Posted by: SDM | October 30, 2007 1:15 PM
"That's a crucial job and one that requires an enormous amount of trust."
Yes, and the way they extort that trust out of administrators all over America is by keeping them one paycheck away from the street.
Posted by: Anonymous | October 30, 2007 1:27 PM
There is a moral to this story: one particularly relevant to Blogistania.
There are far more talented people out there than there are offices for them to fill. And there is no reason to assume that the incumbents are the best qualified for their offices. We've seen this in the blog world--thousands of new pundits, hundreds of whom were far better than most of the incumbents. We saw this in WWII--dozens of new generals, most of them far better than the incumbents pushed aside by Marshall. We saw this in Silicon Valley, with the new industrialists. And we see this with Hillary Clinton, who favors young women over incumbent men.
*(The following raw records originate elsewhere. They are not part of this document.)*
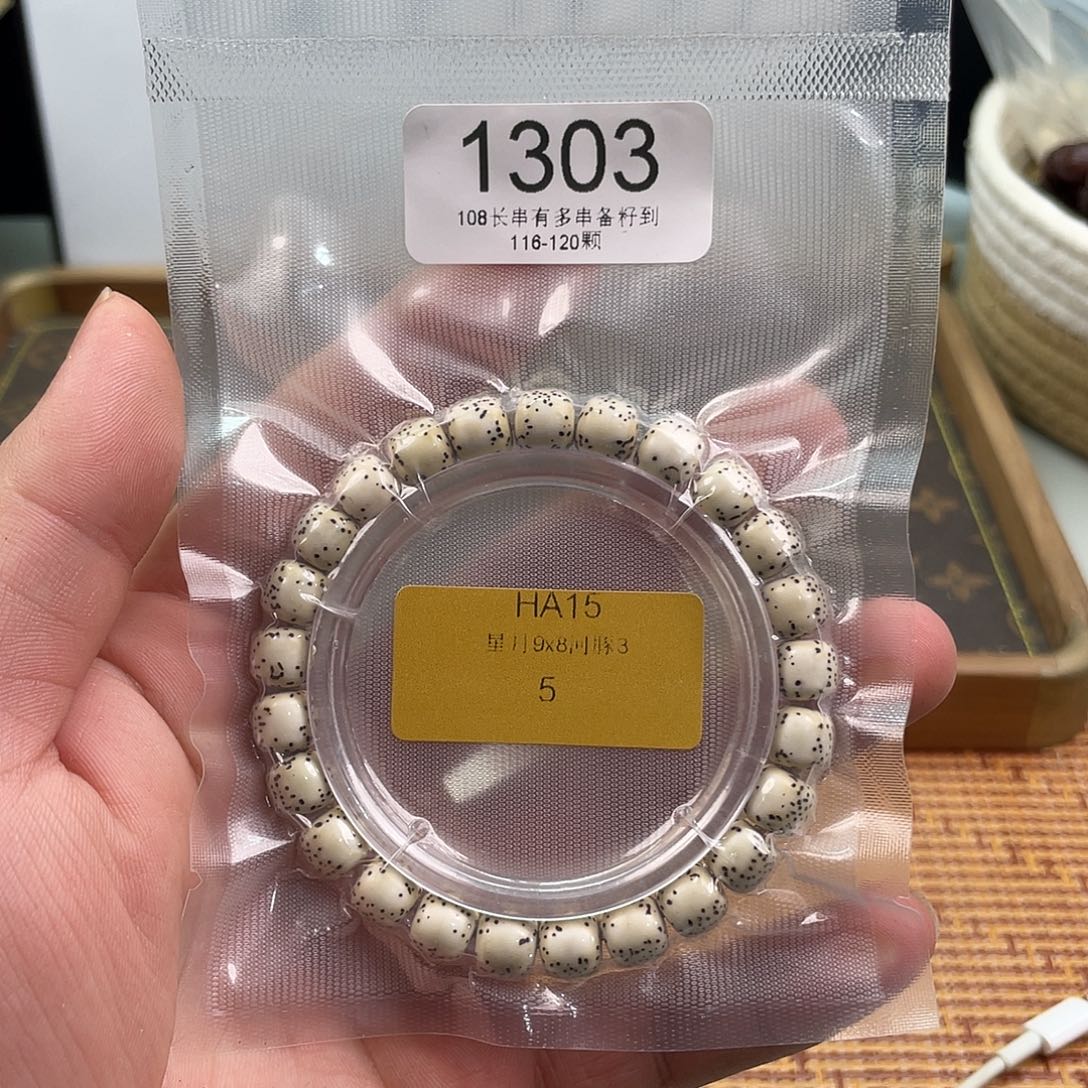 星月菩提手串1303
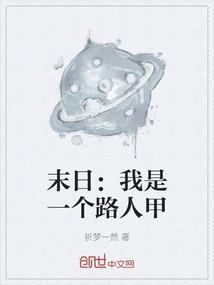 末日：我是一个路人甲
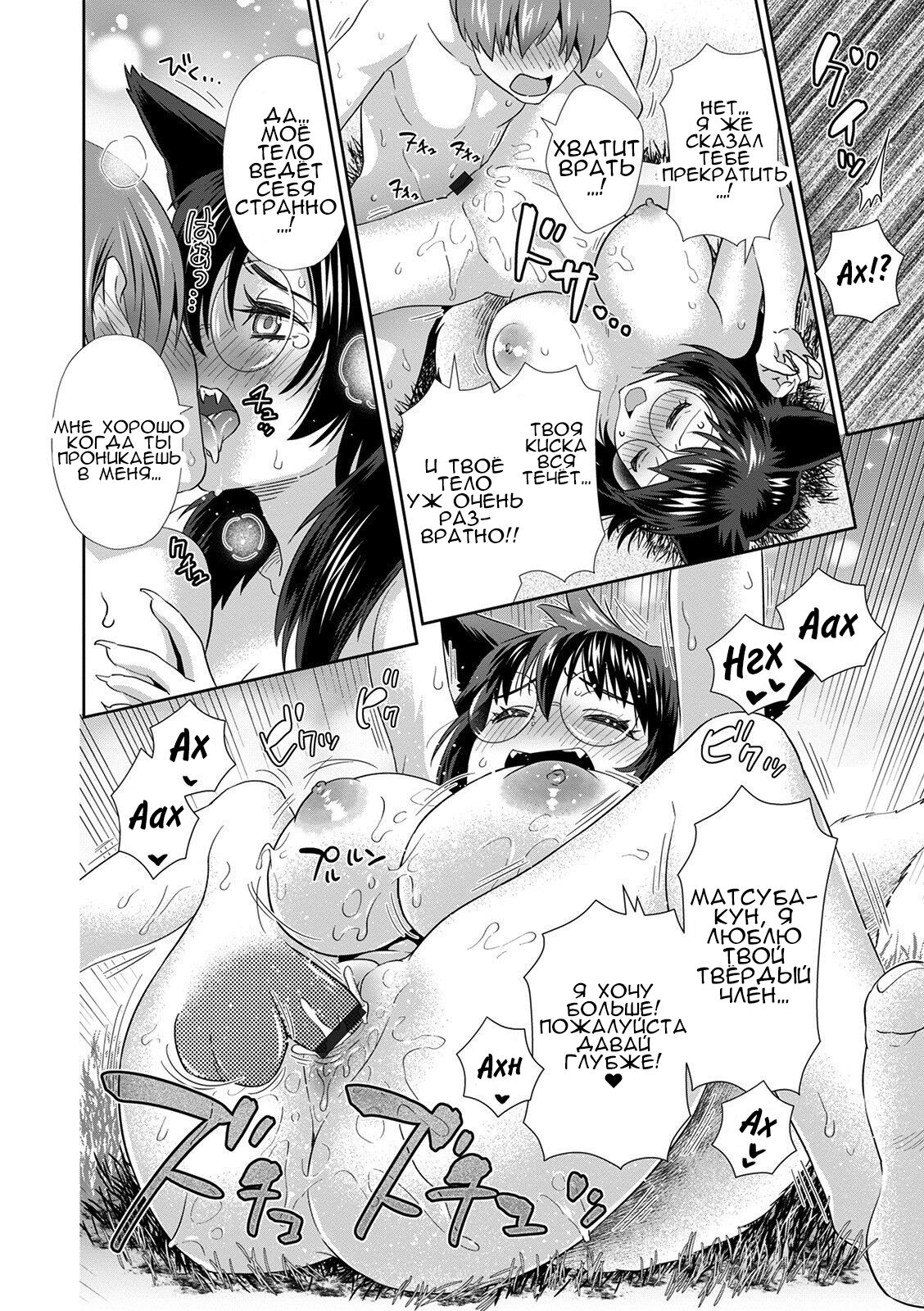 Oshioki Inari | Наказание Инари page 6 full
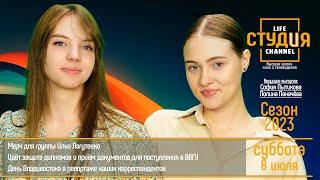 ЭФИР проекта Высшей школы кино и телевидения ВВГУ "СТУДиЯ" 08 07 2023 YouTube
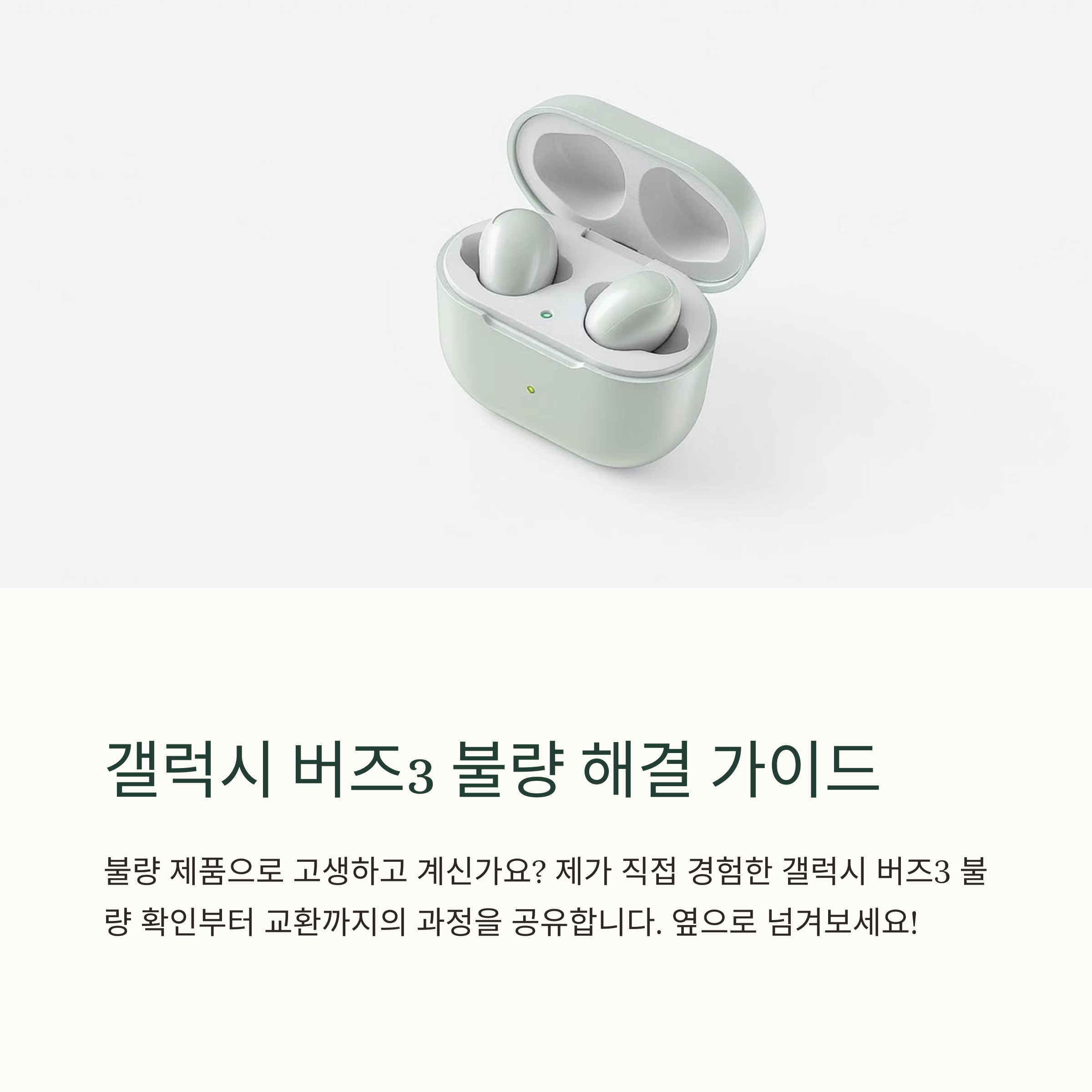 갤럭시 버즈3 불량: 해결 방법과 교환 과정 공유
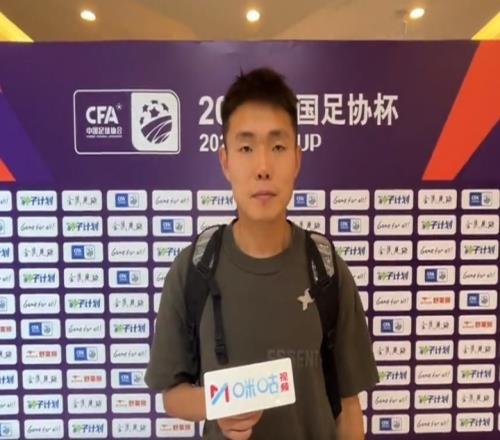 王上源：河南隊有很大潛力，新帥到來后我們在場上踢得更舒服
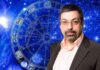 Ежедневный гороскоп Павла Глобы на 8 марта для всех знаков зодиака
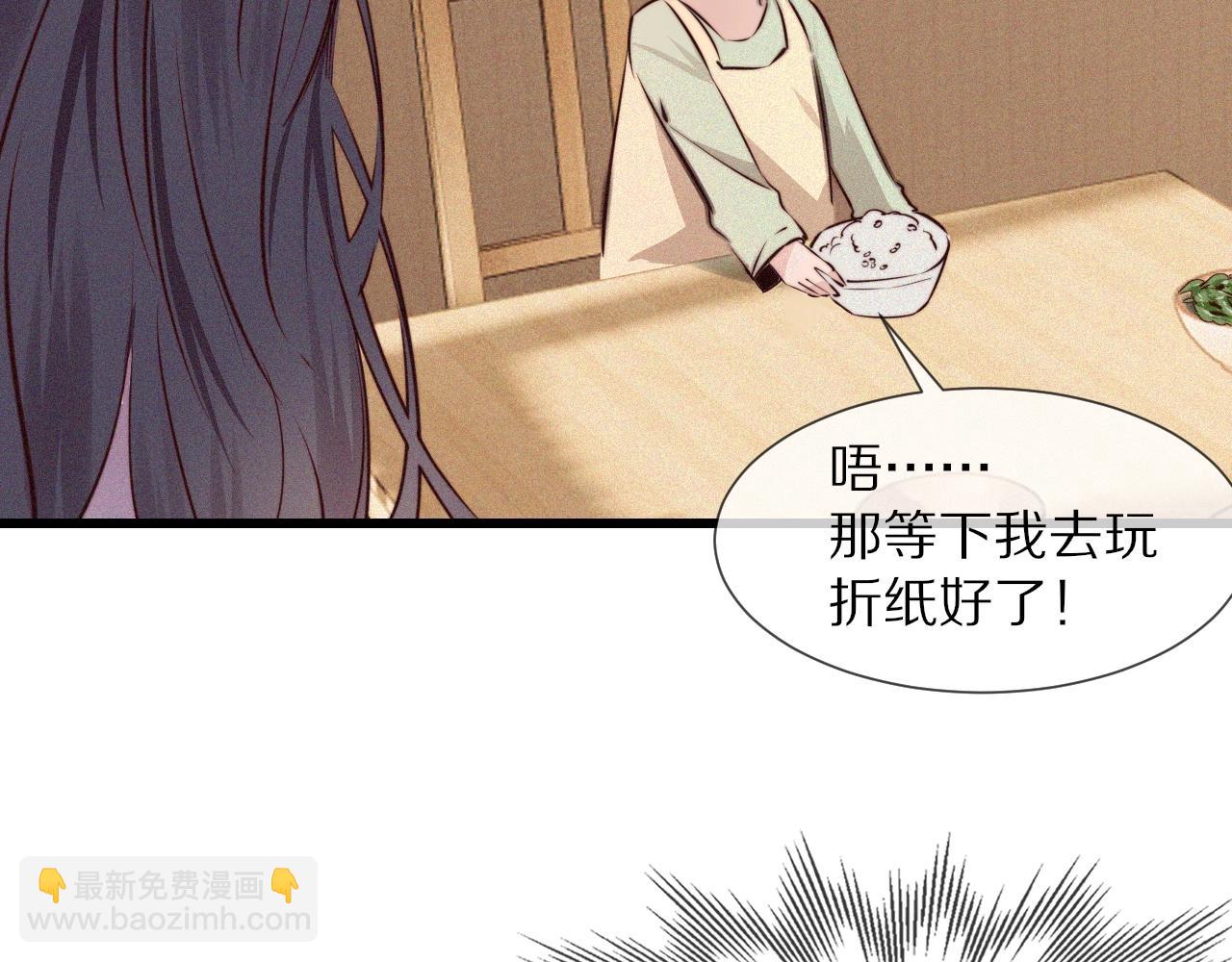 第70话 你好爱丽丝(1/3)-第71话
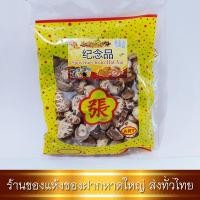 ราคา เห็ดหอมญี่ปุ่นแห้งดอกเล็ก 200g. (10001080323)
I don't know the public policy implications of this, although it is surely yet another argument in favor of the estate tax. It is also likely an argument in favor of affirmative action.
I am reminded of Alexander Hamilton, a believer in economic dynamism and social stasis. Sort of like Reagan's Republican Party. Bush does not even believe in economic dynamism: the perfect proponent of structural constipation.
Posted by: Joe S. | October 30, 2007 2:00 PM
"And we see this with Hillary Clinton, who favors young women over incumbent men."
Well, I would like to know what she is paying them. Women, like men, taking advantage of other women is a pretty familiar phenomenon.
It's not like she didn't rake in the big bucks.